Dataset content:
----------------------------------------
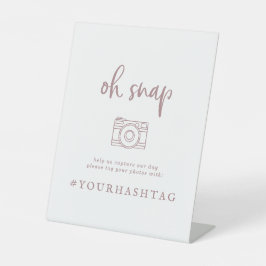 Rustisch Roos Gold Script Oh onverwacht bruiloft h Reclamebord Met Voetstuk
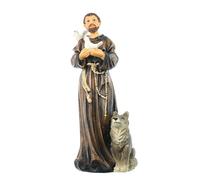 Palais du Rosaire Statue de Saint François d'Assise au Loup en résine de 20cm - Statue de Saint François d'Assise - Culte Chrétien en Résine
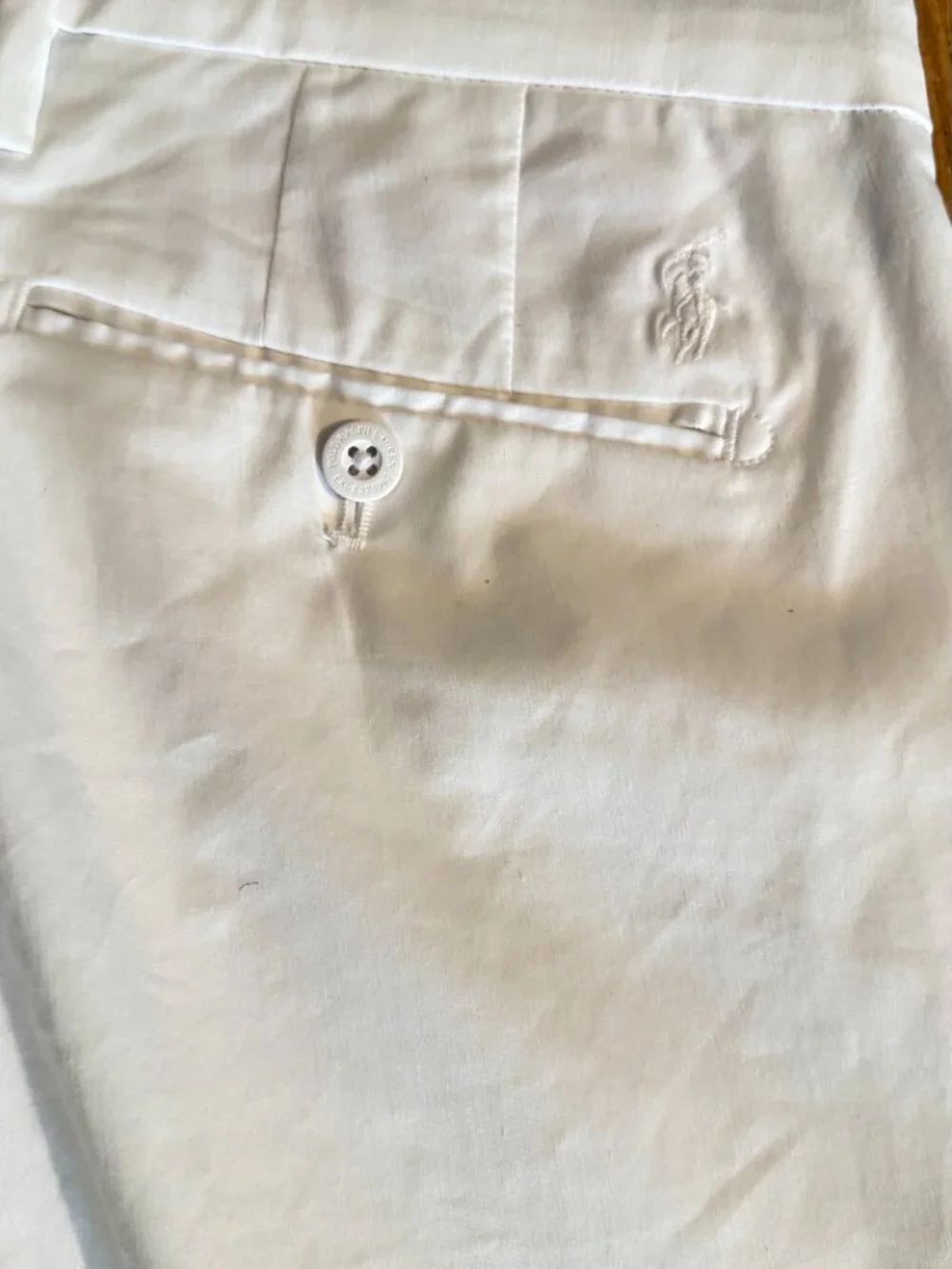 NWT POLO RALPH LAUREN STRECTH STRAIGHT FIT WHITE PERFORMANCE CHINO PANTS 33 X 32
----------------------------------------
Problem details: Print the material in full and exactly, minus the pictures.

Reply:
 Rustisch Roos Gold Script Oh onverwacht bruiloft h Reclamebord Met Voetstuk
 Palais du Rosaire Statue de Saint François d'Assise au Loup en résine de 20cm - Statue de Saint François d'Assise - Culte Chrétien en Résine
 NWT POLO RALPH LAUREN STRECTH STRAIGHT FIT WHITE PERFORMANCE CHINO PANTS 33 X 32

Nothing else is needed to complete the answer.